"GOT", but the "O" is a cute, smiling pufferfish. Index | Thread | Search

From:
Omar Polo <op@omarpolo.com>
Subject:
Re: got patch: add flag to ignore whitespace?
To:
Stefan Sperling <stsp@stsp.name>
Cc:
Christian Weisgerber <naddy@mips.inka.de>, gameoftrees@openbsd.org
Date:
Sun, 03 Jul 2022 11:46:15 +0200

Download raw body.

Thread
Stefan Sperling <stsp@stsp.name> wrote:
> On Sun, Jul 03, 2022 at 09:24:10AM +0200, Omar Polo wrote:
> > However, this got me thinking: maybe ignoring _every_ whitespace is too
> > lax?  What about ignoring only the leading and trailing ones?  Regress
> > passes and the mangled patch sent by Mark still applies.
> 
> Hmm. Not sure about leading whitespace, this could get complicated quickly.
> 
> Some email clients convert tabs ('\t') to spaces (' ') and mangle patches.
> We should have a regress test involving code which is indented by tabs
> in the original and target file, and indented by spaces in the patch.

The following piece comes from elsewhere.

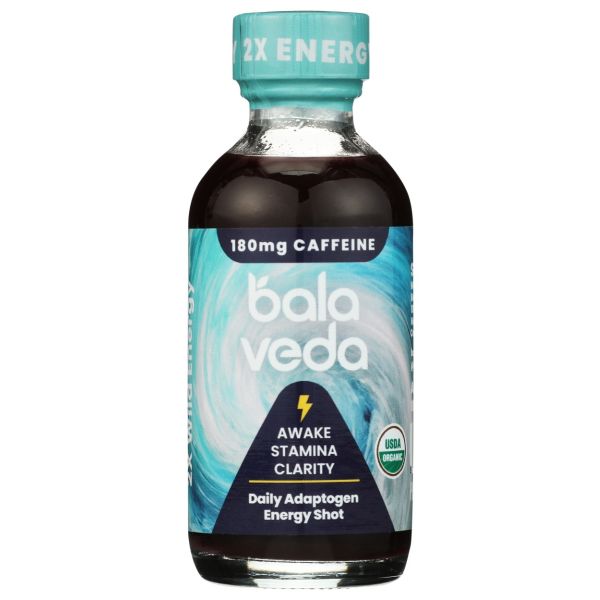 BALAVEDA: Wild Awake 2x Energy Shot, 2 fo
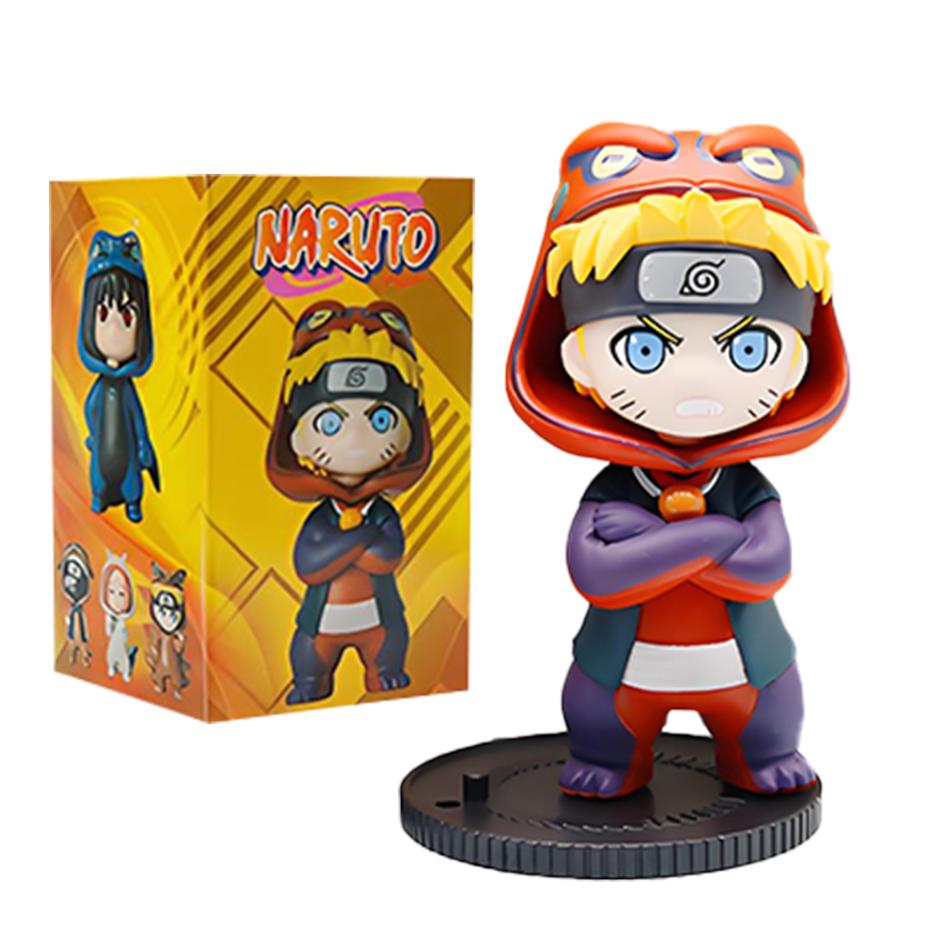 Anime 9pcs/set Naruto Figures Model Naruto Sasuke Kakashi 8cm Doll Costume Design PVCToys Dolls Kid Gift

this is already partially covered in test_patch_whitespace, where the
patch has

 1) one context line with whitespace removed
 2) one context line without the leading space
 3) one context line indented with four spaces where the file only uses tabs
 4) one added line with spaces instead of tabs

it produces what I think it's the best we can hope to: only the added
line has spaces, the others are kept verbatim from the original file (or
blob in case of a merge.)

> It would be difficult for 'got patch' to repair such indentation problems
> automatically and meet user expectations. Some styles, including our own,
> mix tabs and spaces on the same line. 'got patch' would have to infer the
> indentation style from the target file that is being patched, and then apply
> lines with bad whitespace such that tabs vs. spaces are preserved in a
> way the user expects.

I'm not trying to turn 'got patch' into a code formatter!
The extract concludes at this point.